Die zweite Faustregel besagt, dass Doping umso weniger wahrscheinlich ist, je komplexer die Sportart ist. Da kein Athlet alle Komponenten einer komplexen Sportart gleichermaßen gut beherrscht, steht ihm als Alternative zum Doping stets die Option zur Verfügung, seine Leistung bei denjenigen Komponenten zu verbessern, bei denen er die Möglichkeiten der legalen Leistungssteigerung noch nicht ausgeschöpft hat; natürlich kann er trotzdem gedopt sein, aber der strukturelle Zwang ist geringer. Beispiel: Ein Langläufer, der merkt, dass er auch unter Ausschöpfung aller legalen Mittel keine Chance hat, an die Weltspitze zu kommen, steht vor der Alternative, sich damit entweder abzufinden oder eben zu dopen.
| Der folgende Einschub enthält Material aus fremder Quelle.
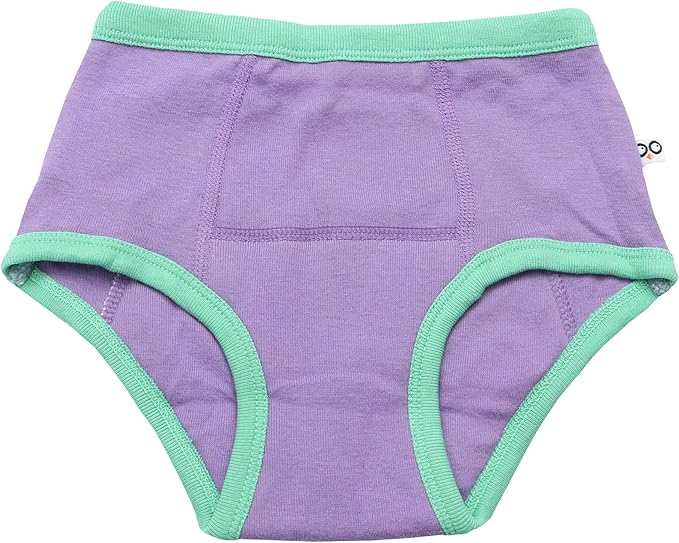 ZOOCCHINI Toddler 3-Pack Potty Training Pants - Soft Organic Cotton Underwear with Absorbent Padding and Fun Designs, Ballerina Gals, 3-4 Years,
Ein Biathlet dagegen hat die Option, seine Schießleistungen zu optimieren; und es gibt etliche Athleten – Martina Glagow zum Beispiel -, die gar keine herausragenden Läufer, aber dafür so phantastische Schützen sind, dass sie allein dadurch regelmäßig Erfolge einheimsen.

(Fasst man diese beiden Faustregeln zusammen, so muss man dem Biathlon als Sportart eine mittlere Dopinganfälligkeit bescheinigen: Es ist nicht so, dass Doping überhaupt nichts bringen würde, und es hat auch schon spektakuläre Dopingfälle gegeben – Pylewa, Rottmann, Perner, Varis -, aber der strukturelle Zwang ist deutlich geringer als bei Marathonläufern, Langläufern oder Schwimmern.)

Die Theorie, wonach bereits die bloße Gelegenheit zum Doping – bei kalkulierbarem Risiko – zwangsläufig dazu führen müsse, dass Jeder dopt, krankt bereits daran, dass sie der Alltagserfahrung widerspricht. Es gibt im Leben jedes Menschen Gelegenheiten, sich durch Verletzung von Sozialnormen Vorteile zu verschaffen: durch Zechprellerei, Schwarzfahren oder Steuerhinterziehung zum Beispiel. Da aber weder die Gastronomie noch die öffentlichen Verkehrsbetriebe noch der Staat pleite sind, drängt sich der Schluss auf, dass die meisten Menschen von diesen Gelegenheiten keinen Gebrauch machen.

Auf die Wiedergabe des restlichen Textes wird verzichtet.